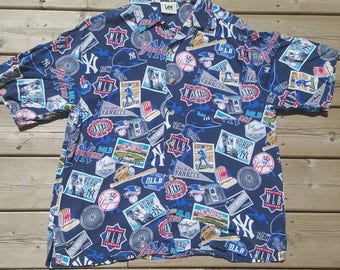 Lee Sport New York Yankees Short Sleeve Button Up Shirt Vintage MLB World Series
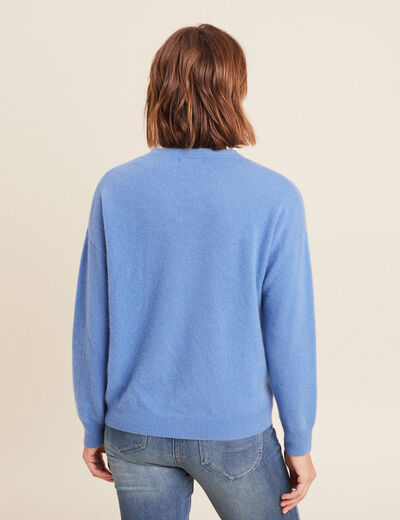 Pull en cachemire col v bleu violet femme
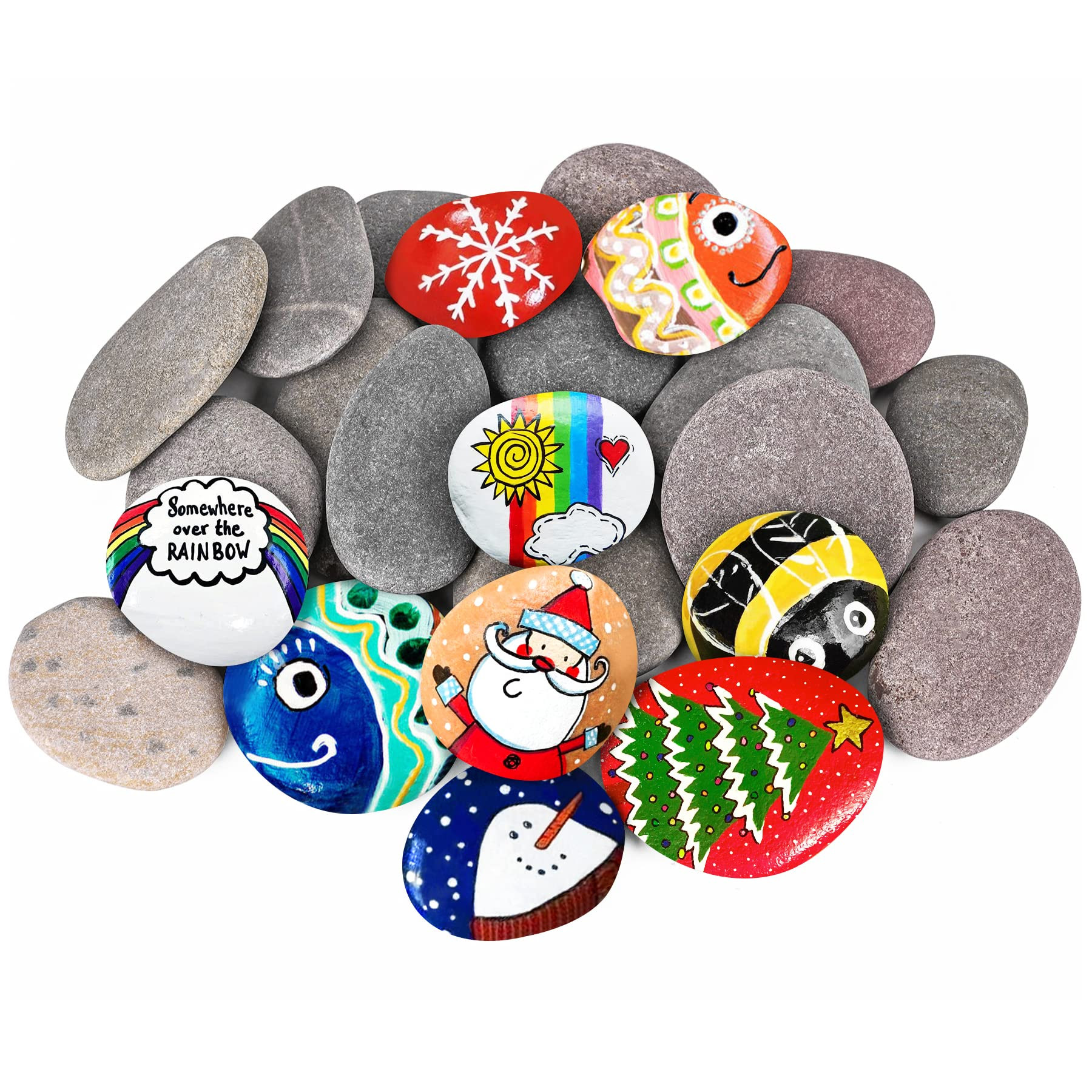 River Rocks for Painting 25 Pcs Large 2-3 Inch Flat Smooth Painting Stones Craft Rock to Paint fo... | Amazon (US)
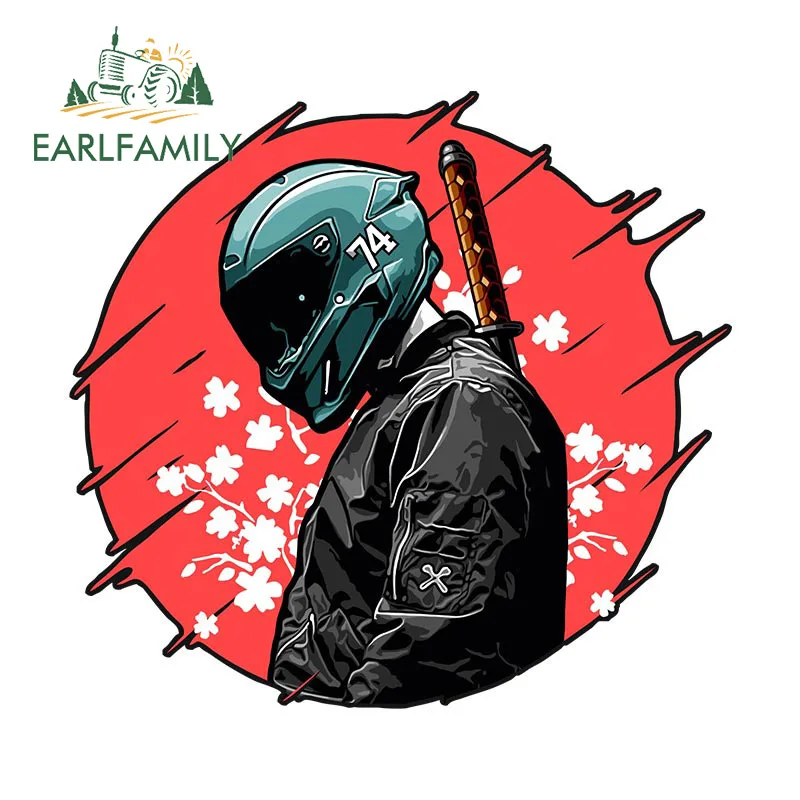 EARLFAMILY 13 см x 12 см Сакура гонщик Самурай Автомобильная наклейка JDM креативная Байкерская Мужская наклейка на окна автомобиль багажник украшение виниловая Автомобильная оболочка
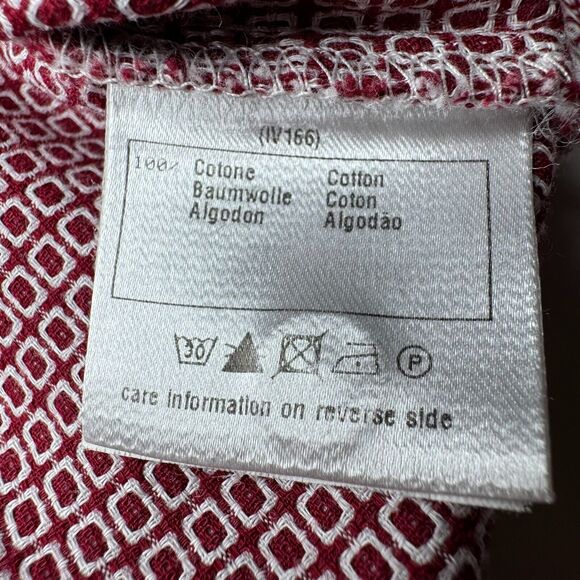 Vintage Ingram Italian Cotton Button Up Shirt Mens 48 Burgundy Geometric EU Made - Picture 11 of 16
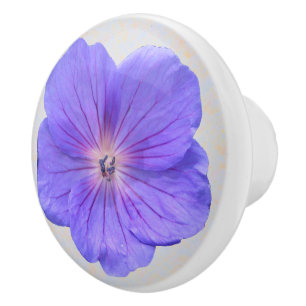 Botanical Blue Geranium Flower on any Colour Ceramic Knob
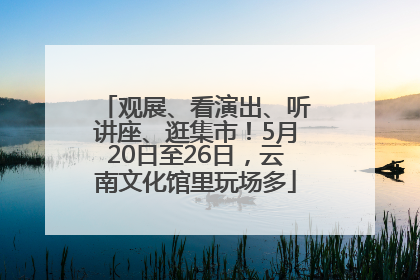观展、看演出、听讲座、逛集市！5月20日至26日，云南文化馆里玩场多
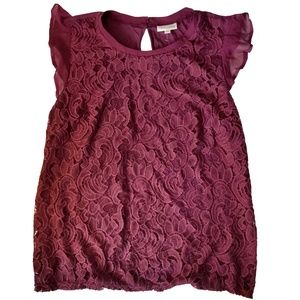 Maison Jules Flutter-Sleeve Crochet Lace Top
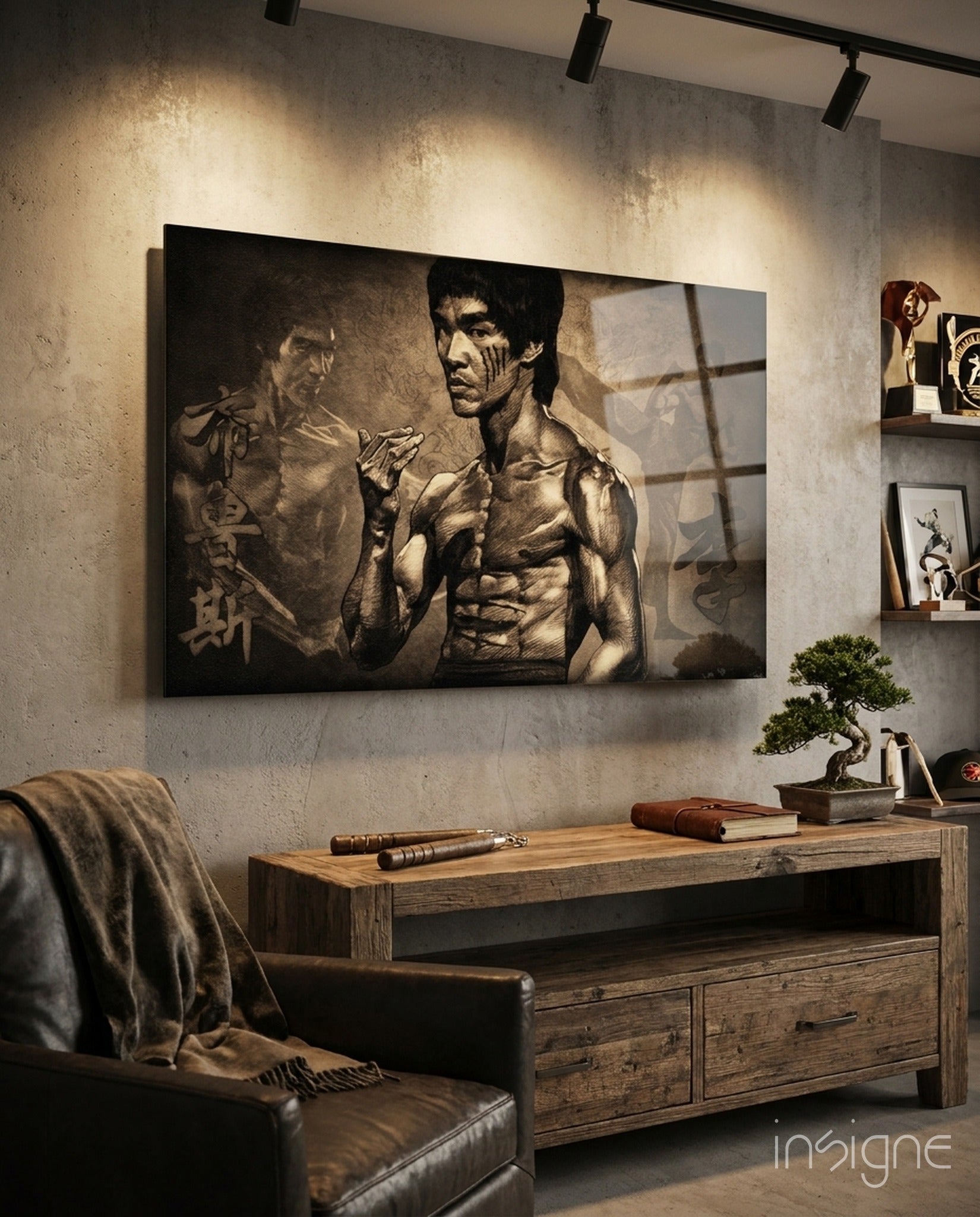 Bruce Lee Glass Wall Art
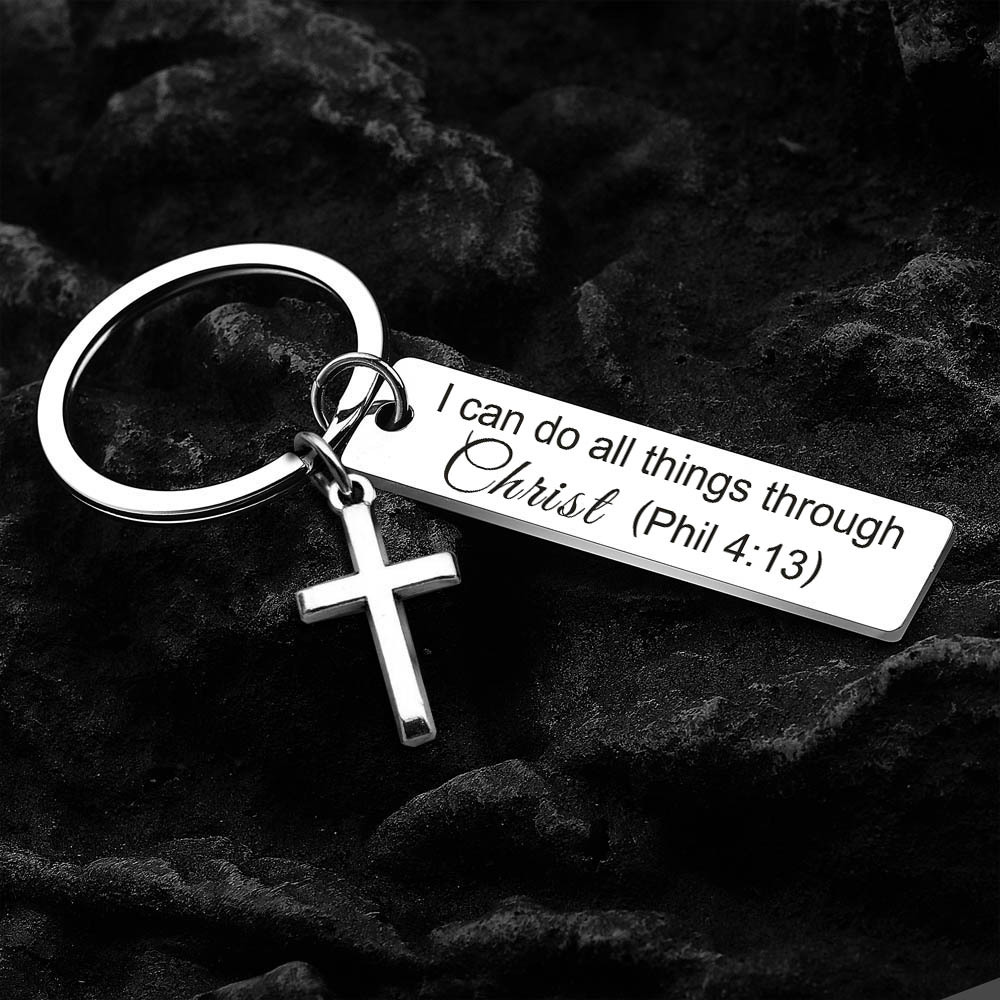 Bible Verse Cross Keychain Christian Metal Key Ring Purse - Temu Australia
--
### Problem requirements
Reproduce exactly the lines above that run from the one with "Pull en cachemire col v bleu violet femme" to the one with "River Rocks for", both included, leaving pictures out.

### Output of the task
 Pull en cachemire col v bleu violet femme
 River Rocks for Painting 25 Pcs Large 2-3 Inch Flat Smooth Painting Stones Craft Rock to Paint fo... | Amazon (US)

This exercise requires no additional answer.